Мартину захотелось придушить деда на месте. Но тот вовремя отвернулся со словами:
— Ну нашёл — и ладно... А я чего хотел-то сказать... — снова зашкворчали караси. — В старое время люди много чаво знали. И куда не нать соваться — не совались... да. Был в этих местах князь. Совсем в старое, надо быть, время... В давнее... Масла вот тоже нету, на воде жарить — морока одна...
— И что князь? — Мартин сидел, как на иголках.
— Князь? — дед шлёпнул карася на глиняную тарелку. — Какой?
— Вы сказали — князь тут был, — Мартин глубоко вздохнул.
— Дышишь ты тяжко, — сочувственно сказал дед. — Бабка моя покойница травки знала всяки, она б тебе подмогнула... Был князь? Да откуда ж я знаю... Может, и был. Караси готовы вот. Второй-то где, тож шустрый?
— Я тут, — Толька возник на пороге, сел рядом. — Ну что?
— Я его убью, — процедил Мартин углом губ.
— Я и сам скоро помру, — заметил дед, — чего пули тратить... Вот днями тоже приходил. Как его... тьфу ты, господи... полицейский. Говорит — аусвайс выправляй, дед, а то капут сделаем, старый леший. Ну, погрозил и пошёл.
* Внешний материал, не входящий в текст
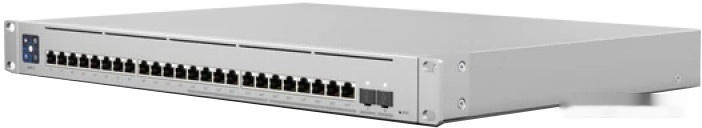 Коммутатор Ubiquiti USW-Enterprise-24-PoE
И дорогой-то делся куда-то, посечас ищут. А куда тут деться — небось, к лешему и забрёл...
Так вот тот князь шибко смелый был и умный. А може, считал себя так. Числил. Да... Вы карасей ешьте, ешьте... И вызнал князь про дырки такие, скрозь которые можно в иные миры добраться. Уж чего он там себе думал — я не знаю. Но только он тех дырок наотворял — ужасть! И полезло через них всякое...
Князь-то, — дед укоризненно-осуждающе покачал головой, — думал сглупа, что они — эти, значить — ему служить будут. По первости и служили. А потом, как взялись сами собой руководствовать! Князь-то первым и сгинул. Уж как там дальше было — а хороши караси!
Толька тихо застонал.
— Болит чаво тоже? — участливо спросил дед. — Глядю — оба вы больные... Эх, нет моей бабки... Ну, а как сгинул — тут эти-то и вовсе распоясались, сёлами людей уволакивали. Но всё ж нашлась на них управа. Загнали их вобрат. И запечатали, вроде как. А только они-то помнят, — дед погрозил пальцем, — помнят, что тут ход был. И только и ждут, чтоб, значитца, кто им дорогу открыл... Воды-то натаскали?
9.
Отцовский «мессер» был похож с хвоста на шумовку. Дырок оказалось не меньше тридцати, сквозь хвост красиво светили последние лучи закатного солнца. Механик отца — Мартин никак не мог запомнить его имя — посвистывая, рисовал на фюзеляже ровненький красивый крест — вдобавок к тем ста с лишним, которые его уже украшали.
Отец сидел на краю аэродрома, широко расставив ноги. В левой руке он сжимал фуражку. Голова была запрокинута, глаза закрыты. Волосы шевелил ветер.